December 21, 2024
Sports Column

Bonds’ unworthiness isn’t related to race Steroids staining already great player’s image

By the time you read this, Barry Bonds may have moved into second place on the all-time home run list, passing Babe Ruth at 714 and having only the Hank Aaron number of 755 in front of him. It is a shameful moment.

Bonds and others have tried to play the race card at times in his quest to be the all-time home run leader. Reasonable women and men scoff. There is no race issue involved in finding Bonds unworthy.

He cheated. That is what the reasonable-man test finds upon reviewing all information available.

Bonds used steroids, but says he did not know that’s what they were. Read the book “Game of Shadows” and check out all the information there, including Bonds’ own statements, and no reasonable man can say he didn’t know.

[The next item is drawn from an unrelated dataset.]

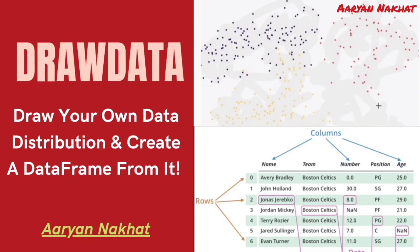Hello everyone, I'm Aryan and in this video, we'll learn about a newly released Python package known as drawData.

He was using steroids in his biggest home run years, including 2001 when he hit 73. That’s what the evidence says.

All of which makes it worth repeating what was said in a New York Times story written Dec. 12, 2004. With the help of Baseball Prospectus, an organization that makes a living projecting how players will perform from year to year, the Times’ story questioned what Bonds’ home run numbers should be “using complicated algorithms to identify such trends and forecast current players’ future performance…”

Cutting to the results, they were thus: “Entering 2000 at age 35, Bonds was producing seasons with roughly 37 home runs and a .288 batting average. His skyrocketing performances in the five seasons since, particularly while moving from a good hitter’s park (Candlestick) to a horrible one (SBC), is all but unprecedented in baseball history. Had Bonds aged at a typical rate, he would have hit .272, not .339, and hit 142 fewer home runs, 116 instead of 258.”

Even giving Bonds the benefit of being in better shape than the average player of his age and being the incredible talent that he is, Baseball Prospectus still found his home run totals are at least 100 more than any reasonable man could expect.

That is where Bonds properly stands if a reasonable man without prejudice views all that is there in the public record regarding Bonds, steroids and home runs.

MLB’s great hope continues to be that Bonds will pass Ruth, hit a few more this year, and be gone next year. MLB believes fans can live with that and the game’s officials will not have to deal with the issue of Bonds closing in on Aaron.

Bonds has told at least one very close friend that he is not going to play next year. It is doubtful Bonds himself knows what he wants to do.

Bonds has been told by friends that if he means to retire, don’t tell anyone this year. He does not need the added attention, if such is possible, of the entire “final” this and the “final” that. He also does not need the added invectiveness that would roil about his head if fans who detest him knew they were getting a final chance to lay waste to their fury.

It is a shame really. Bonds is one of the greatest players ever, without steroids. He did not need the help of any supplements.

He has put at issue his Hall of Fame status and while he may have passed Ruth in balls hit out of the park, he has not passed him in home runs hit, not when the reasonable man eliminates the juiced shots.

Old Town native Gary Thorne is an ESPN and ABC sportscaster.